### Your instructions
List each line of the data that holds the string "wedding".

### Extracted records
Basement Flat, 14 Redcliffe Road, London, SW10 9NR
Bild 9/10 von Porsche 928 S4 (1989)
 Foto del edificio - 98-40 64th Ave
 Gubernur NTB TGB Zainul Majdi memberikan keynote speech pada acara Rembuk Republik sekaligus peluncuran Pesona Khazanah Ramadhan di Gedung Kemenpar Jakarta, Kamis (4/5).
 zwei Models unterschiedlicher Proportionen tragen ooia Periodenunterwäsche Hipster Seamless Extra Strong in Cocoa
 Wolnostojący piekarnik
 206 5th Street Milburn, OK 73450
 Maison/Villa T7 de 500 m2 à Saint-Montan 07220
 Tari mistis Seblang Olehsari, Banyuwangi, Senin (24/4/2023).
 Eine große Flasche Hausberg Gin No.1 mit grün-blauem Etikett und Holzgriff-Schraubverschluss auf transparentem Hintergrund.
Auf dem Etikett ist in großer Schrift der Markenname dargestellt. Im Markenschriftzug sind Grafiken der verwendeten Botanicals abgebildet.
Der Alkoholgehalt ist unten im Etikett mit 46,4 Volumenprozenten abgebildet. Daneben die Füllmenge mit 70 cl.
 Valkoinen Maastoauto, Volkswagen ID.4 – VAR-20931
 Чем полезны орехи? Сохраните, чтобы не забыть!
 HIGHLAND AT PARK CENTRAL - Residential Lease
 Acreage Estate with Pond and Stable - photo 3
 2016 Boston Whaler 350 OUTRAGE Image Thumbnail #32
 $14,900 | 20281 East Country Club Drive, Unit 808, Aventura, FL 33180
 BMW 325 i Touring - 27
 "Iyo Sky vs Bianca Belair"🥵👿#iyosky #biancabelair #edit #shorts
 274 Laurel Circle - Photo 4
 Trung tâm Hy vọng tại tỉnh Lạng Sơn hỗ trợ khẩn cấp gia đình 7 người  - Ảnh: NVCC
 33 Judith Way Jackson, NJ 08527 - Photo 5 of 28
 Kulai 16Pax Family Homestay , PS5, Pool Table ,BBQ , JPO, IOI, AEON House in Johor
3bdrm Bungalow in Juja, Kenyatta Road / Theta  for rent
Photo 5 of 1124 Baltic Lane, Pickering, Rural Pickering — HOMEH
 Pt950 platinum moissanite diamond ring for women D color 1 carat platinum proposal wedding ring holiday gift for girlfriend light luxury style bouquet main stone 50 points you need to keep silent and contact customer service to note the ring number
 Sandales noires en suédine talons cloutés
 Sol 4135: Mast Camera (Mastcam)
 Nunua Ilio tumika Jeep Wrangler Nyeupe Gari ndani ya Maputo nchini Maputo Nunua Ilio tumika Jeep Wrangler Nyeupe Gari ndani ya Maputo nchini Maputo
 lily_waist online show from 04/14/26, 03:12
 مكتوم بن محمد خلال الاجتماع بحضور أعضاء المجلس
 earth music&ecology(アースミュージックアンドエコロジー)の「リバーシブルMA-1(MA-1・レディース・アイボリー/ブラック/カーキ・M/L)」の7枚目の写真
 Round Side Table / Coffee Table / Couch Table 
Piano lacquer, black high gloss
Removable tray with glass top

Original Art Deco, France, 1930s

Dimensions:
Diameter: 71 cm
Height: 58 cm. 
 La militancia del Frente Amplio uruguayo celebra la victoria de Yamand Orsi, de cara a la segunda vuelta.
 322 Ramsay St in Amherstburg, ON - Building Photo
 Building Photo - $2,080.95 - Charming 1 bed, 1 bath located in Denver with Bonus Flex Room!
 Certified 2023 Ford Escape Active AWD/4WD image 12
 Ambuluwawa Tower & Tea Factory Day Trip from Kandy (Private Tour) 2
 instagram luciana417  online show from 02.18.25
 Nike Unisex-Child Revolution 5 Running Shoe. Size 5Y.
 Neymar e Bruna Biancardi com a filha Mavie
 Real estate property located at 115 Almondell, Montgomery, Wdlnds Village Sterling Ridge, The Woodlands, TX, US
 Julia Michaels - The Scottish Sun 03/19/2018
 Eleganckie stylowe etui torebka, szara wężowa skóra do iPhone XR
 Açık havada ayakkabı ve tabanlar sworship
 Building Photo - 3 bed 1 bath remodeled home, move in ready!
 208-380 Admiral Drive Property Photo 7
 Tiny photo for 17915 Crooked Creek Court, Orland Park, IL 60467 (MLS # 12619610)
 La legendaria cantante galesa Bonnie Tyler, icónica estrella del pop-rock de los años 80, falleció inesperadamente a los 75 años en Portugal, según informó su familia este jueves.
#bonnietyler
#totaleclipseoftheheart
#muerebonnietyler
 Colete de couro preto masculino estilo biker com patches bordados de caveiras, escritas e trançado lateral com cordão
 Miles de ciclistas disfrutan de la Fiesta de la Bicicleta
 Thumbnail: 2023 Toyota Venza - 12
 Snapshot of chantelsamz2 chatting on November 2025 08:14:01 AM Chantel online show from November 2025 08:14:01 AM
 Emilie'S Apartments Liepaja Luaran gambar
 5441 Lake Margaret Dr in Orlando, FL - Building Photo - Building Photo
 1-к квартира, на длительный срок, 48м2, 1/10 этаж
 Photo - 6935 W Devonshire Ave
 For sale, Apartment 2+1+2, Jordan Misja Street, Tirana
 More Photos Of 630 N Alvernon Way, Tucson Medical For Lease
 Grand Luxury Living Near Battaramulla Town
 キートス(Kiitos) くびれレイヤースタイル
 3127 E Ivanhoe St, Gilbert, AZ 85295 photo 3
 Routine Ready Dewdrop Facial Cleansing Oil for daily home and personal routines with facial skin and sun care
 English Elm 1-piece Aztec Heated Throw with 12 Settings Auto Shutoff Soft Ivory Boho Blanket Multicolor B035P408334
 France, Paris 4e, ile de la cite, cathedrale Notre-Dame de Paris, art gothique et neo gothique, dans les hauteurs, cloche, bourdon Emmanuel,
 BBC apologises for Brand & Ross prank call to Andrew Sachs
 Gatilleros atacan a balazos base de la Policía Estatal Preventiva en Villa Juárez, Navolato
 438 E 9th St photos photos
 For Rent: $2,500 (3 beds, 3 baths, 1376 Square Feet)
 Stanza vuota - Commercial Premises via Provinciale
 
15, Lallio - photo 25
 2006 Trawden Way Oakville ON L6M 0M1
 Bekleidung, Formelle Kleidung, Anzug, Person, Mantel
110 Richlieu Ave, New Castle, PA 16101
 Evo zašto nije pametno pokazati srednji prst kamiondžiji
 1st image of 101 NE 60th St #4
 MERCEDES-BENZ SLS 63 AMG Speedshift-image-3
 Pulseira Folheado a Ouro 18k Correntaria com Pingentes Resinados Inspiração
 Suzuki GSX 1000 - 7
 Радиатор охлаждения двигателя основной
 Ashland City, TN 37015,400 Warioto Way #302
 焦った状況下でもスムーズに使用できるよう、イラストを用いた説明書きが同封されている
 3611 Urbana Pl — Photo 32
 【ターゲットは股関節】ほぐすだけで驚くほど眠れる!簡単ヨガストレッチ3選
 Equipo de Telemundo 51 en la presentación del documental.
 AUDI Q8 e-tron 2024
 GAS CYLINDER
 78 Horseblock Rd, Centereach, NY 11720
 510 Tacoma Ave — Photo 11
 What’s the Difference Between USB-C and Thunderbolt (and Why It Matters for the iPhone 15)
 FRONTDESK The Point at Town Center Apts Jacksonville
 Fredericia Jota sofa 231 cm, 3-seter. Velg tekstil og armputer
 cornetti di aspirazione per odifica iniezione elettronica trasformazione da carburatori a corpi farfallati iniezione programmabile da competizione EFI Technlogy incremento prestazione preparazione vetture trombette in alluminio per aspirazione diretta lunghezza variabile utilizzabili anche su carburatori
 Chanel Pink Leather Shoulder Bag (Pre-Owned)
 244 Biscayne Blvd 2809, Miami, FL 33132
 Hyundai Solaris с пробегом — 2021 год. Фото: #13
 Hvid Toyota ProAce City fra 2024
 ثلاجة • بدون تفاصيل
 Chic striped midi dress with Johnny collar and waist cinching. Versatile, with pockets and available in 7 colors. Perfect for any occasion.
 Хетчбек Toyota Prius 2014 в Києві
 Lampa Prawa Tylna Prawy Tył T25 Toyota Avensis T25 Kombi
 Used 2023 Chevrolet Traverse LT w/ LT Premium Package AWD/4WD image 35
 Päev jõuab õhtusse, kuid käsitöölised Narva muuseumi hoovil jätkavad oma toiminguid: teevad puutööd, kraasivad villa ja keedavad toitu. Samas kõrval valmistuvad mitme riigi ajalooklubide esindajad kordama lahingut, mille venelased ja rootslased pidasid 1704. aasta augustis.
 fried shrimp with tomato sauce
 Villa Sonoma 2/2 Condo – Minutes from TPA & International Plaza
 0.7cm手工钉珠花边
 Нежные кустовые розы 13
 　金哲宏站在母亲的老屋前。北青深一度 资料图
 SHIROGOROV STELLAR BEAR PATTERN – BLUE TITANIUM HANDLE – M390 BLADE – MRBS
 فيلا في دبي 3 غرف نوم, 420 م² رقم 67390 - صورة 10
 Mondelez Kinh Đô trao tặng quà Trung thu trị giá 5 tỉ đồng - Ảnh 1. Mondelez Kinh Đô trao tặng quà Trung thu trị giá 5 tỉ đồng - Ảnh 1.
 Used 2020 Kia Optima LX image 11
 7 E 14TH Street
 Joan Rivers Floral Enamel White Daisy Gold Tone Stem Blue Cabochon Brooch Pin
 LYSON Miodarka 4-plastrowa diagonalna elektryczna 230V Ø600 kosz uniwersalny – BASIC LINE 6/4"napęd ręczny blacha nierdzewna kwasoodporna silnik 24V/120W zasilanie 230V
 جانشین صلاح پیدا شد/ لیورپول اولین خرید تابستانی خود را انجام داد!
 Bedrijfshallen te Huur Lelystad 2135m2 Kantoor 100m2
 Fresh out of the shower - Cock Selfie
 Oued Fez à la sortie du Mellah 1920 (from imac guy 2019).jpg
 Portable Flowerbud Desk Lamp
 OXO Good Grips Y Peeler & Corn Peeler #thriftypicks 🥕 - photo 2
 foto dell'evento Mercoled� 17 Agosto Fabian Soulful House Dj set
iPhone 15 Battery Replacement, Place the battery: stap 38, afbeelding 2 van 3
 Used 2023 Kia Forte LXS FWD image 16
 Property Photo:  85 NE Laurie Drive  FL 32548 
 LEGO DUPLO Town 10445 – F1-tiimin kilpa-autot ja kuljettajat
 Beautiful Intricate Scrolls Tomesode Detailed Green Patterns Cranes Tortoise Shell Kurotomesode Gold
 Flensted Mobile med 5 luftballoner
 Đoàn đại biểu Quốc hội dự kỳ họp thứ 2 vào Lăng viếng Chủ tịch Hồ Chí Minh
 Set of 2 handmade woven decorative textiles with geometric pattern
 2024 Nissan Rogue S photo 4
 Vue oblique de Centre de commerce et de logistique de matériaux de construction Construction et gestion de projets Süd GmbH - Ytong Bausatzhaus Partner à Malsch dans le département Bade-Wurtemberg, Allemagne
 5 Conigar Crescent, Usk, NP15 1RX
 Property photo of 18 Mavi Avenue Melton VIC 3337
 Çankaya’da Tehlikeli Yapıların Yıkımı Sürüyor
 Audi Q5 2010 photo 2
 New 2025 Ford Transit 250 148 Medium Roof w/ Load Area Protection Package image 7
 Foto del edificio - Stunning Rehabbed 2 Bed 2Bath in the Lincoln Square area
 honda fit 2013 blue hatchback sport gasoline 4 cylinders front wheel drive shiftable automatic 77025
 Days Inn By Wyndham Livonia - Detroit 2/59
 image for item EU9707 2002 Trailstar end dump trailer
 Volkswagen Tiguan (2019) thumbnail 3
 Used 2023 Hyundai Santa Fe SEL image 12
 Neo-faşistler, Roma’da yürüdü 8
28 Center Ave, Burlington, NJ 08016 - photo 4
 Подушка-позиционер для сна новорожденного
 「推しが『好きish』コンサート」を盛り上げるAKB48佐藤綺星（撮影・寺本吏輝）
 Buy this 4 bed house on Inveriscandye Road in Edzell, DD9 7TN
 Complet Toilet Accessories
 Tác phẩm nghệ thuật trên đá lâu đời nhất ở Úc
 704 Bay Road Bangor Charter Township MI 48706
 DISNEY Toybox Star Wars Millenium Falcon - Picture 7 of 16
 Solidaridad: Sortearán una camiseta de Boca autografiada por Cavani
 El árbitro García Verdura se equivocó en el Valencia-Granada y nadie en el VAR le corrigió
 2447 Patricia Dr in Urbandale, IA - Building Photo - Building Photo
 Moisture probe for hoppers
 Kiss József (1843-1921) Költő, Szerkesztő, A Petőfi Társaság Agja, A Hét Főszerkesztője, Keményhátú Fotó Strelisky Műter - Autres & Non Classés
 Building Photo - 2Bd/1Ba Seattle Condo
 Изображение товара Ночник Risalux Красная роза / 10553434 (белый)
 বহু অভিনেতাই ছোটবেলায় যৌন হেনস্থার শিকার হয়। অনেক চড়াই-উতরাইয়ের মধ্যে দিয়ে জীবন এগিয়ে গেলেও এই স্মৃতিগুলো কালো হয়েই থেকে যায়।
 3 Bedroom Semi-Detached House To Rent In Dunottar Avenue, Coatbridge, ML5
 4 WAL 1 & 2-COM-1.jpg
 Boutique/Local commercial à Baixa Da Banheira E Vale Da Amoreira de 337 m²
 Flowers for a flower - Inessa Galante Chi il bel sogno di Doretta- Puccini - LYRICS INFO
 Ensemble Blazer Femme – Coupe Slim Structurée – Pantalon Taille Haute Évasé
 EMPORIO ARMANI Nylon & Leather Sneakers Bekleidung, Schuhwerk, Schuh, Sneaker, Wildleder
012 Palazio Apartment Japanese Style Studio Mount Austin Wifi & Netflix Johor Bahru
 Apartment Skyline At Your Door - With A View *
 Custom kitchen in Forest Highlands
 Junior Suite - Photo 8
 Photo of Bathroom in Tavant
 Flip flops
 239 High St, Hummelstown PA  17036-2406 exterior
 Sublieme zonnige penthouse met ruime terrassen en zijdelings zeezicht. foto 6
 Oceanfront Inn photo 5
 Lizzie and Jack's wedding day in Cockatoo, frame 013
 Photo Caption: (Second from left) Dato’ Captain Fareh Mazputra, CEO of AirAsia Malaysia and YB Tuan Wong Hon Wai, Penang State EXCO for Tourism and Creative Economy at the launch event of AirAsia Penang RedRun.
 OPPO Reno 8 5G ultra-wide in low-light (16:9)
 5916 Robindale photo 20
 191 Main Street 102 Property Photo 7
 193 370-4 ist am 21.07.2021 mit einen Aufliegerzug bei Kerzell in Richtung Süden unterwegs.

### Result below
 Pt950 platinum moissanite diamond ring for women D color 1 carat platinum proposal wedding ring holiday gift for girlfriend light luxury style bouquet main stone 50 points you need to keep silent and contact customer service to note the ring number
 Lizzie and Jack's wedding day in Cockatoo, frame 013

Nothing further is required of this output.